The float test, where you drop a strand of clean hair in water and see whether it sinks or floats, gives you a general idea but it’s not definitive. What I actually tell clients is to pay attention to how your hair behaves after you wash it. High porosity hair gets wet almost immediately, dries pretty quickly in the air, and tends to feel dry again within a day or two even after you’ve moisturized. It often has a rough texture and may be prone to breakage or tangling. If you’ve had color, heat damage, or a relaxer at any point, there’s a good chance you’re dealing with high porosity hair, or at least a combination.
Low porosity hair is the opposite in almost every way. It takes forever to get wet in the shower, which some women think means their hair is healthy and dense, and it can be, but it’s really just telling you the cuticle isn’t lifting easily. Products sit on top instead of soaking in. You might notice white flakes or residue even when you haven’t used that much product, and your hair might feel stiff or weighed down after you moisturize. It’s also harder to get color to take evenly on low porosity hair, which a lot of my clients have learned the hard way.

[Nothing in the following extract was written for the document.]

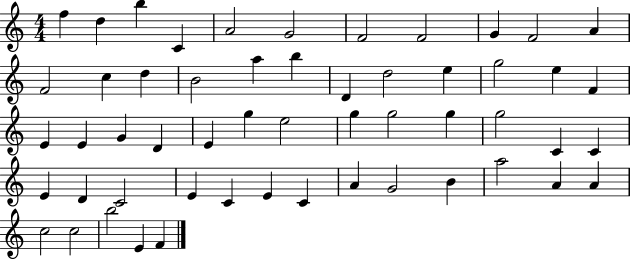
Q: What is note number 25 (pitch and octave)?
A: E4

Knowing this really does change everything about how you should approach your oil selection, and that’s exactly what we’re getting into now.
10. Jojoba Oil: The Toss-Up That Most People Waste
Jojoba sits in this weird middle ground where I see it recommended for every hair type, every porosity, every concern, and while I understand why, I think that universal recommendation actually does a disservice to both high and low porosity naturals. Jojoba is technically a liquid wax, not an oil, and it most closely mimics the sebum your scalp produces naturally. That’s why it gets positioned as this safe, gentle option for everyone.
Here’s my honest take: for low porosity hair, jojoba is one of the more useful options you can reach for because it’s lightweight enough that it doesn’t add a lot of extra heaviness on top of a cuticle that’s already reluctant to absorb anything. I’ve had clients with low porosity type 4 hair who found that a small amount of jojoba worked well as a scalp oil without making their roots look greasy or causing the buildup that heavier oils tend to leave behind. It’s not going to do dramatic work, but it’s not going to sabotage you either.
For high porosity hair, jojoba is fine but it’s not doing the sealing work that you actually need. High porosity hair loses moisture so quickly that you really want something with more weight and staying power on the outside of the strand. Jojoba can be part of a layering routine, maybe used before a heavier butter or sealant, but on its own it’s not enough. If you’ve been using jojoba and wondering why your high porosity curls are still dry by day two, that might be your answer.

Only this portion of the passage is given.